Friday, September 21, 2012

The Art of Language, By Jaimmie Stugard

The thought manifests as the word.

The word manifests as the deed.

The deed develops into habit.

And the habit hardens into character.

- Buddhist wisdom

It may be hard to imagine, but in my younger days, I was known for my blunt remarks and my crude sense of humor. I spoke my mind without censoring myself and the results were often amusing and sometimes embarrassing. Eventually, I began to realize that a hasty remark could be very damaging, while a carefully timed and placed word could have a profoundly positive impact. Later, when I began working with children, the art of language began to reveal itself to me.
There is a great focus on language and the development of speech in the LifeWays training. It was there that I learned that when one speaks, the vocal cords of the listener vibrate at the same frequency. This physiological imitation lays the foundation for infants' speech development. Since young children learn through imitation, LifeWays caregivers strive to be worthy of imitation in our speech, our gestures, even our thoughts.

LifeWays fosters language development through singing, storytelling, puppetry and nursery rhymes. Since children learn through repetition as well as imitation, I sing the same seasonal songs for months at a time and there are many songs and verses that we use every day of the year. While a few are just plain silly fun, many of them are more like our blessing - a reverent and practical expression of gratitude, joy, necessity, and life.

Earth who gives to us this food.

Sun who makes it ripe and good.

Sun above, and Earth below.

To you our loving thanks we show.

At nap, I tell a seasonal story *by heart.* I tell the same story, word for word, day after day, for weeks and weeks. Telling stories this way allows the children to live into the tale. The youngest children drink in the sounds and words as their language prepares to blossom. While the older, more experienced children illustrate the tale in their drowsy mind's eye.
It is during our stories and songs that I pay most careful attention to my speech.

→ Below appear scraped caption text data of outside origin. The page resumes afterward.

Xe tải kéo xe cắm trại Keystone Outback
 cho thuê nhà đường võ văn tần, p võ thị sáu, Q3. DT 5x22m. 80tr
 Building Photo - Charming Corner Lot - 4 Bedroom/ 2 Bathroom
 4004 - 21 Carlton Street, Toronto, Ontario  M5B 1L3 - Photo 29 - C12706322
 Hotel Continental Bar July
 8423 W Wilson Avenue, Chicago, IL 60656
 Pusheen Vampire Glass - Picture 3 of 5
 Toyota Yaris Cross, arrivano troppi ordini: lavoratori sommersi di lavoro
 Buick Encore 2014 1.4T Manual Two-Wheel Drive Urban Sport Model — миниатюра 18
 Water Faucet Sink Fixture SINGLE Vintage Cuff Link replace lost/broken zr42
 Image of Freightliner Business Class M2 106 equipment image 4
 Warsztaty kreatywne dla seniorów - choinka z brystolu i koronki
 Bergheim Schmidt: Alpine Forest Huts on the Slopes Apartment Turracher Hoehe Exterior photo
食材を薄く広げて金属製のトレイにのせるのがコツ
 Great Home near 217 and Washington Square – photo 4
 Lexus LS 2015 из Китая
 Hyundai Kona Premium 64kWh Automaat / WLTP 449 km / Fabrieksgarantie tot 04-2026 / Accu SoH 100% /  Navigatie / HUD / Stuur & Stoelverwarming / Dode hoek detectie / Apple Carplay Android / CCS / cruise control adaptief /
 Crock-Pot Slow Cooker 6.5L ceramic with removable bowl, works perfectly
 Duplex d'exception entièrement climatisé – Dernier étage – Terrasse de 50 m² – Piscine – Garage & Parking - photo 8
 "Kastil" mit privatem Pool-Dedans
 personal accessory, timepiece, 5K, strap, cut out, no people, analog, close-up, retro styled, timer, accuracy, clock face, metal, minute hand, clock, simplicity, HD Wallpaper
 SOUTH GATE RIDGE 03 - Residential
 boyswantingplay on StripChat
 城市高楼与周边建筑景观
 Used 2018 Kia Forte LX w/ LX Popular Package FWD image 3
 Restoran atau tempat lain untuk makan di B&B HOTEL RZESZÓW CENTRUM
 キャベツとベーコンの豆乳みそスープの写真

During common daily activities, it is easy to slip into a muddled Midwestern accent, or to lose awareness of the tone of my voice. At story time, I have opportunity to focus on enunciating and speaking in a pure, gentle tone. It still surprises me how difficult it is to pronounce each and every consonant and vowel properly (especially when reading certain Dr. Seuss tales).

The LifeWays training also introduced me to the practice of right speech. Right speech is an aspect of Buddhist meditative practice. "It is spoken at the right time. It is spoken in truth. It is spoken affectionately. It is spoken beneficially. It is spoken with a mind of good-will." Idle chatter and lies are to be avoided. In working with children, I include unnecessarily verbose instructions, lecturing and otherwise carrying on in the *idle chatter* category. Conversations with children can be very insightful and beneficial, particularly when I am listening more than speaking.

It is obvious that children imitate our speech patterns, our tone of voice and the quality of our language. I even have trouble telling my dad's voice from my brother's on the telephone. And there are plenty of times that parent's inquire about the Miss Jaimmie-isms in their child's vocabulary. (Yes, I do ask them not to dash indoors and I help them when their sleeves are confuffled). While few of us have perfected right speech, we can continue to strive. And that striving is, in itself, worth imitating.